Maybe It Shows

I do get upset easily. I don't like that fact but in all honesty there is nothing I can do to change it. Now I am just sick and tired of putting up with it, knowing its only a matter of time before I break. I don't know what will happen if that break happens it could mean doing something I've done before or maybe worse or maybe even nothing but I just can't cope with being put down every single moment of my life. It used to be just a few people maybe once in a blue moon but now its feels like everyone in the world including my family. I know I'm exaggerating but its honestly how I feel. I don't mean to be a burden to anyone but, maybe its paranoia, I always feel like everyone hates me. I sound really selfish but I loathe my life sometimes. I know people have it way worse than me and I'm not trying to say anything like that but I don't know any different so to me I always think it can't get any worse. I just feel so low and so deflated and just awful. Maybe its depression, maybe its not, whatever it is I don't want to talk to anyone 'professional' because they'll just judge me and say I'm crazy and then give me pills. I know it sounds bad but sometimes I like feeling like this, I have no clue why I just know that sometimes I like it.
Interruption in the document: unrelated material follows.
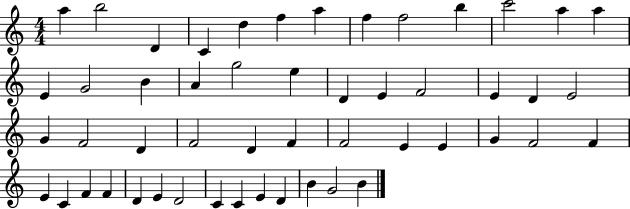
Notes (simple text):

A5/q B5/h D4/q C4/q D5/q F5/q A5/q F5/q F5/h B5/q C6/h A5/q A5/q E4/q G4/h B4/q A4/q G5/h E5/q D4/q E4/q F4/h E4/q D4/q E4/h G4/q F4/h D4/q F4/h D4/q F4/q F4/h E4/q E4/q G4/q F4/h F4/q E4/q C4/q F4/q F4/q D4/q E4/q D4/h C4/q C4/q E4/q D4/q B4/q G4/h B4/q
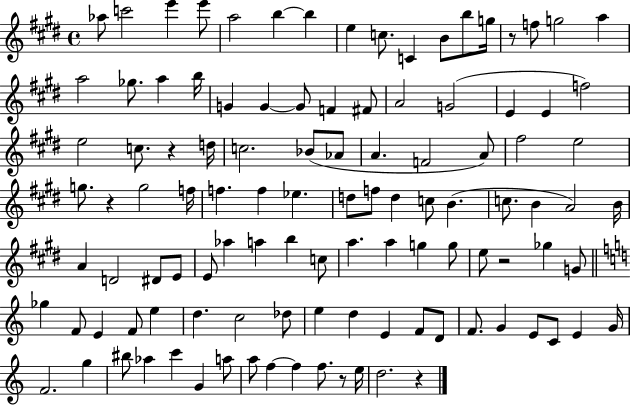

Re-reading that its sounds awful but its how I feel and I really hope I can't help that otherwise I'm seriously messed up.
sophiehastings sophiehastings
18-21, F
1 Response Nov 27, 2012

You have no reason to feel 'messed up'. Different people, experience and see things in different ways. And depression is a real illness, I suggest you speak to someone aboutt it, Ur school guidence counseller, a friend etc. Sometimes there are depression tests online.